Task description → An exact transcription of all the data is required, with every image removed.
━━━━━ Data excerpts
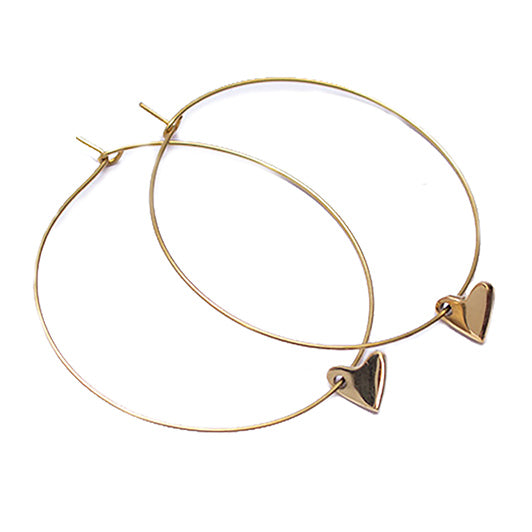 Heart Large Charm Hoop Earrings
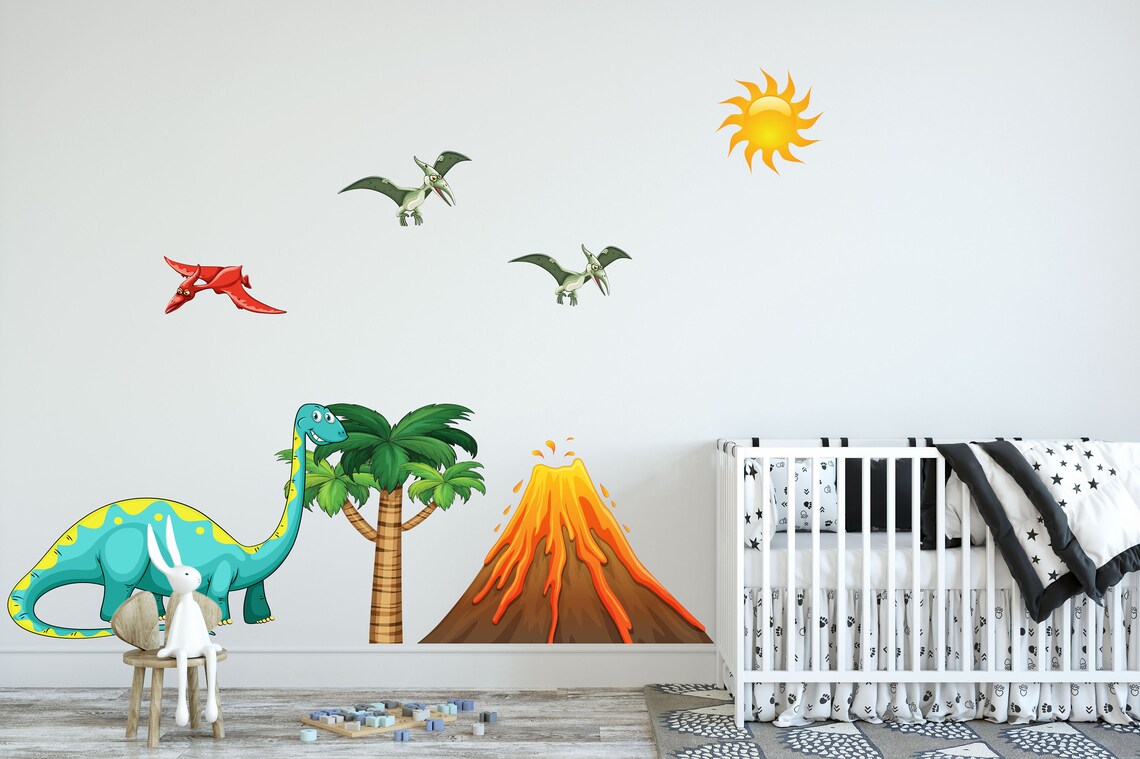 Dinosaur Volcano Wall Decal for Kids Room Jurassic Park Dino Etsy UK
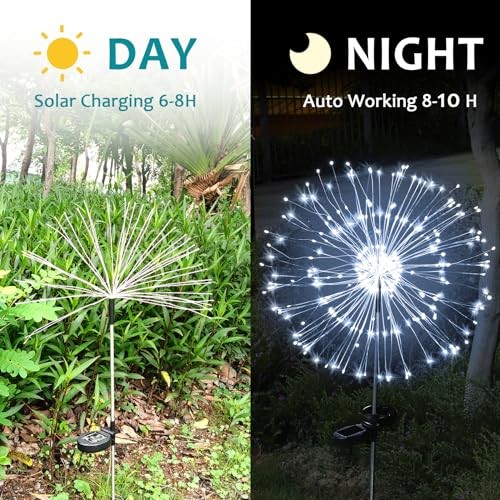 JJGoo Solar Firework Lights, 2 Pack 120 LEDs 2 Lighting 2 Pack, Cool White 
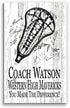 Lacrosse Coach Gift Plaque - Personalized Signable Team Award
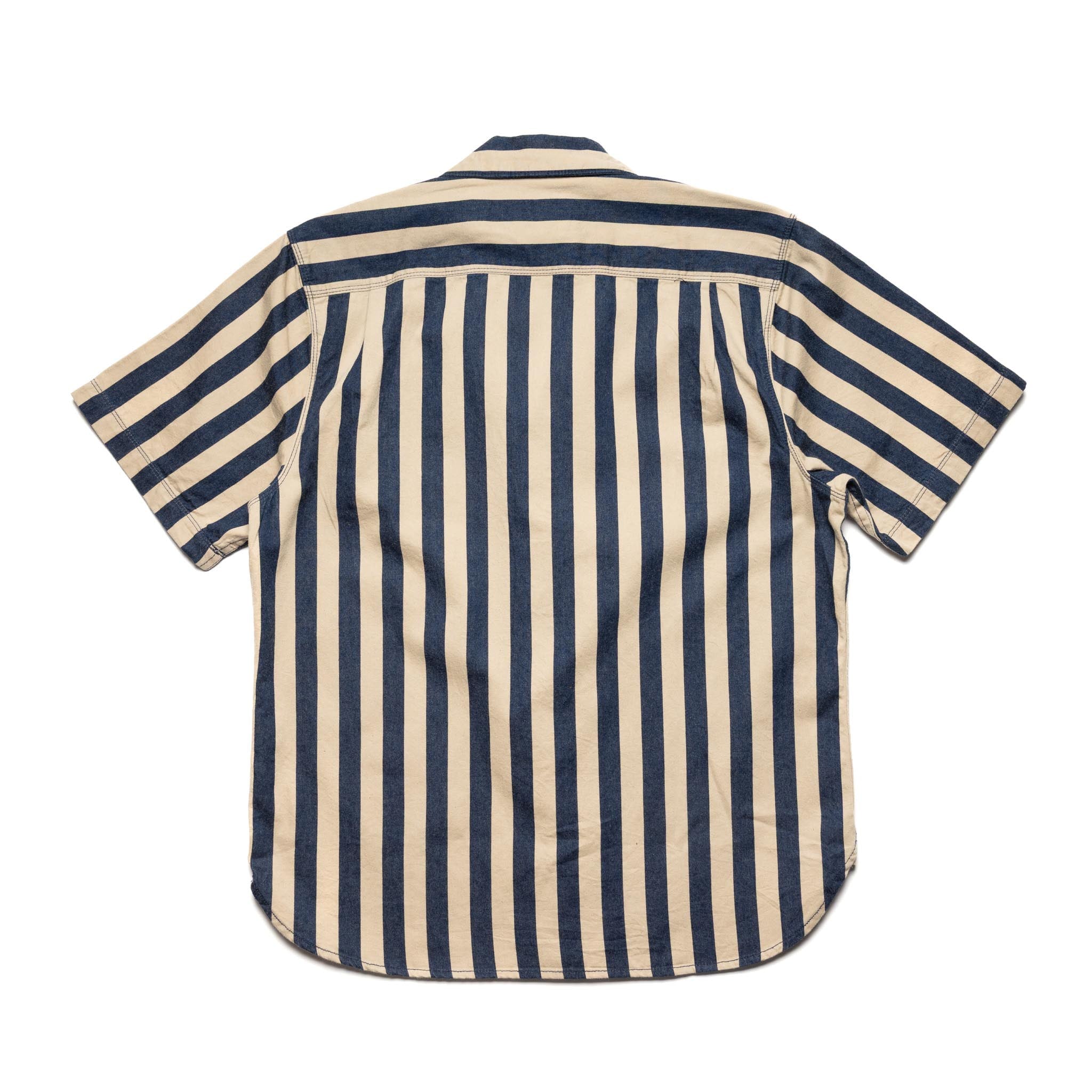 Dayton Short Sleeve Indigo Wide Stripe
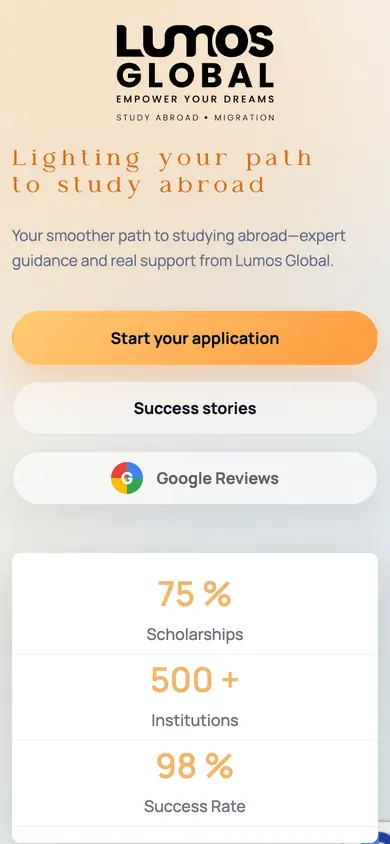 Lumos Global home page on a phone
━━━━━━━━━━
Answer to the problem →
 Heart Large Charm Hoop Earrings
 Dinosaur Volcano Wall Decal for Kids Room Jurassic Park Dino Etsy UK
 JJGoo Solar Firework Lights, 2 Pack 120 LEDs 2 Lighting 2 Pack, Cool White 
 Lacrosse Coach Gift Plaque - Personalized Signable Team Award
 Dayton Short Sleeve Indigo Wide Stripe
 Lumos Global home page on a phone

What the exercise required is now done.